##### Record extracts
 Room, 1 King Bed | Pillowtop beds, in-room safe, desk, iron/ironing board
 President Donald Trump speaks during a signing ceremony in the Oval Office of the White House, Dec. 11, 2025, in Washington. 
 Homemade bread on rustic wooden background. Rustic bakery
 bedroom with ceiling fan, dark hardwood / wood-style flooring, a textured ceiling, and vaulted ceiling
##########
##### Record extracts
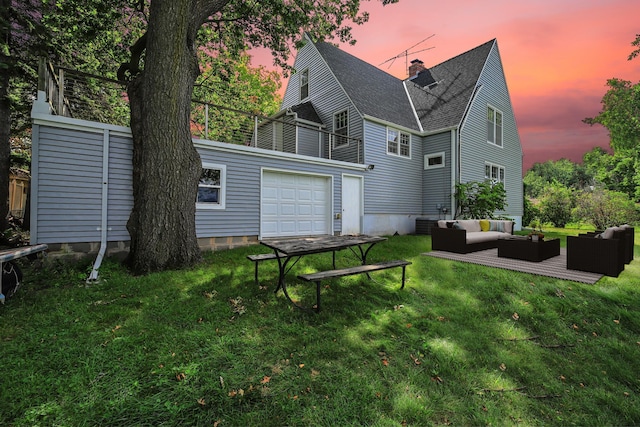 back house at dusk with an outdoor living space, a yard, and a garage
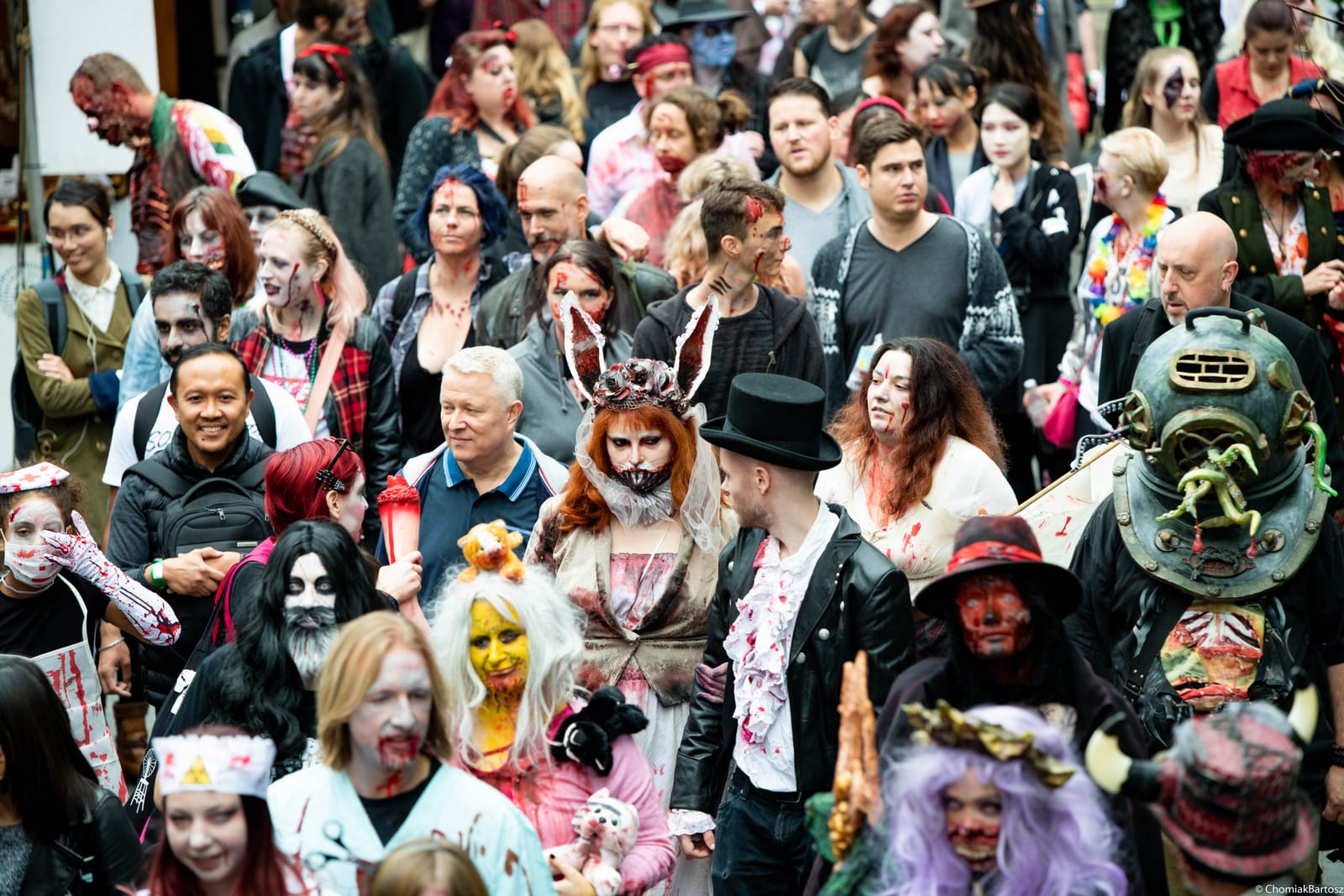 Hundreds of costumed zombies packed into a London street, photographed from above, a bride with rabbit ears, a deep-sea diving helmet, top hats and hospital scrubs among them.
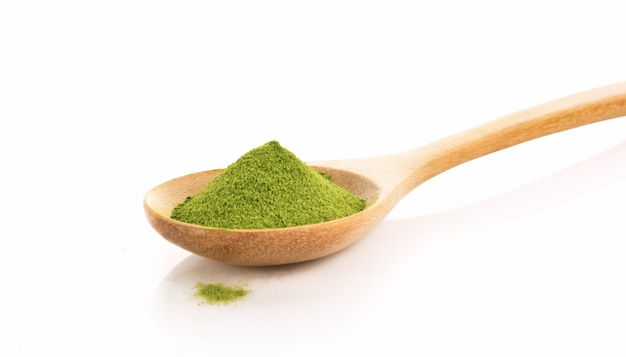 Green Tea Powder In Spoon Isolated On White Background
##########
## Exercise aim
Look above for the line holding "Homemade bread on". Print it and every line after it, exactly, through the line holding "bedroom with ceiling".

## Written solution
 Homemade bread on rustic wooden background. Rustic bakery
 bedroom with ceiling fan, dark hardwood / wood-style flooring, a textured ceiling, and vaulted ceiling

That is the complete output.